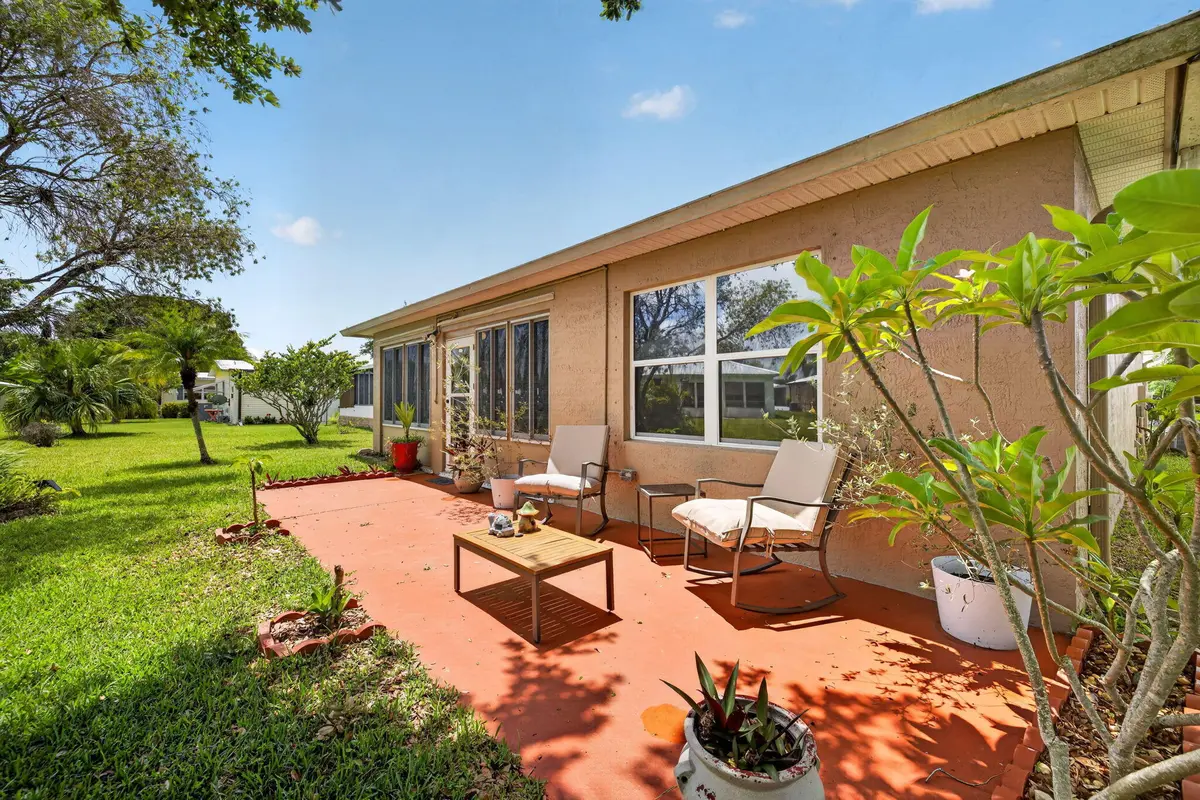 32-web-or-mls-3A5A6439 at 14441 Dulce Real, Fort Pierce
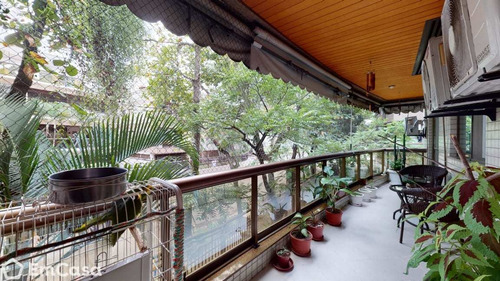 Imagem 7 de 10 de Apartamento À Venda Em Rio De Janeiro - 27392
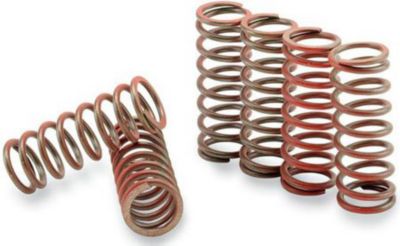 HINSON CLUTCH SPRING KIT - 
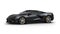 2027 Chevrolet Corvette Stingray 3LT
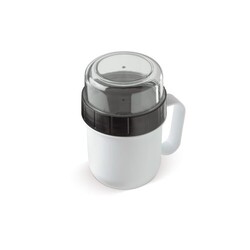 Mug déjeuner à emporter 520+230ml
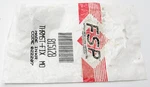 New 815128 Fsp Oven Range Thermostat Fix Oem ***free 1-YEAR Warranty***. Fixed Price $29.95.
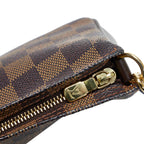 LO-LV bags 13501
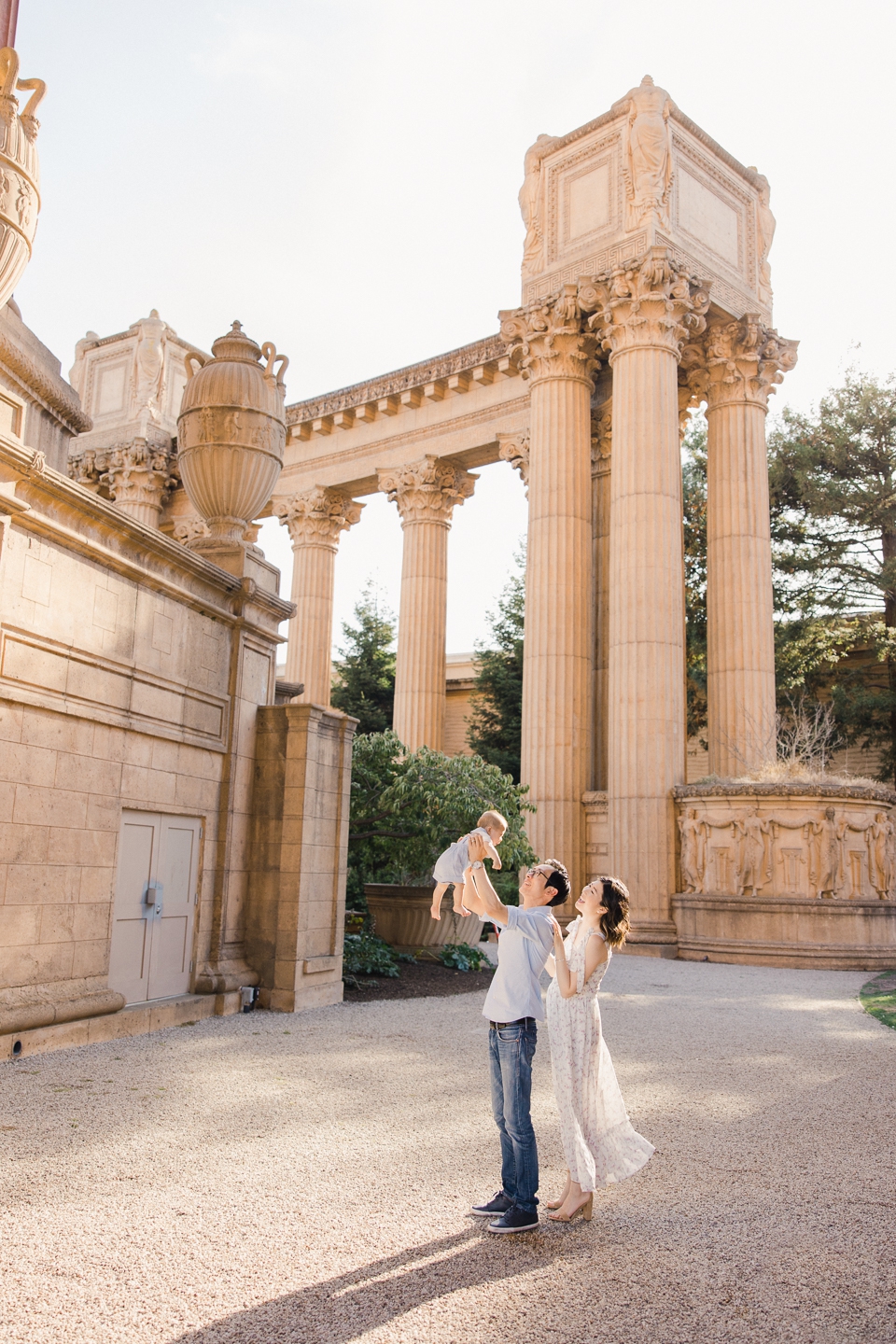 palace_of_fine_arts_family_photos_001.jpg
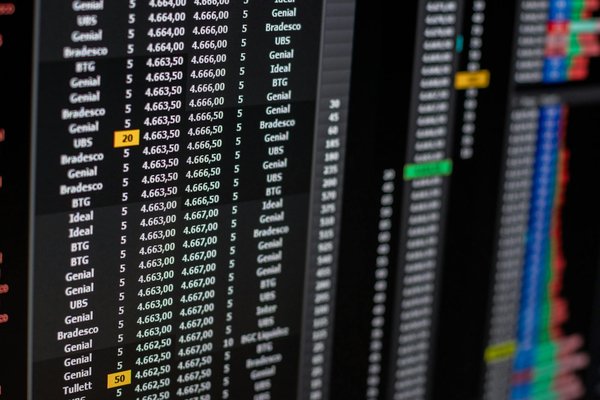 Comparaison entre processeurs Intel et AMD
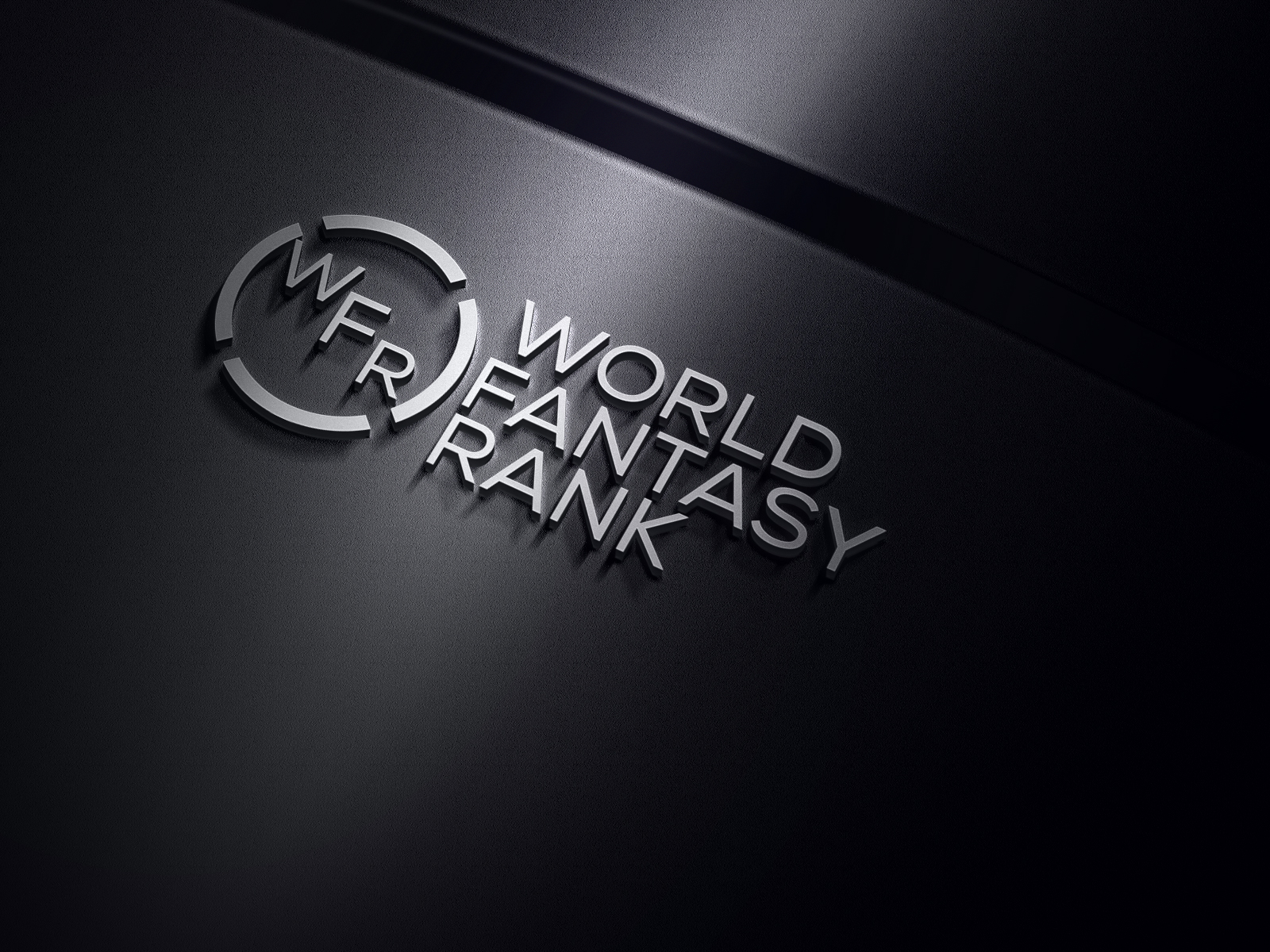 Logo Design by falcon f9 for this project | Design #34248773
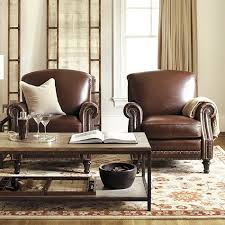 We did not find results for: How To Do Lane Recliner Repairs Know It Here Cuddly Home Advisors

** Your instructions **
Transcribe, please, the lines from the one holding "LO-LV bags 13501" to the final line of the material, both included, exactly and with no extra lines, and skip the pictures.

** Exercise answer **
 LO-LV bags 13501
 palace_of_fine_arts_family_photos_001.jpg
 Comparaison entre processeurs Intel et AMD
 Logo Design by falcon f9 for this project | Design #34248773
 We did not find results for: How To Do Lane Recliner Repairs Know It Here Cuddly Home Advisors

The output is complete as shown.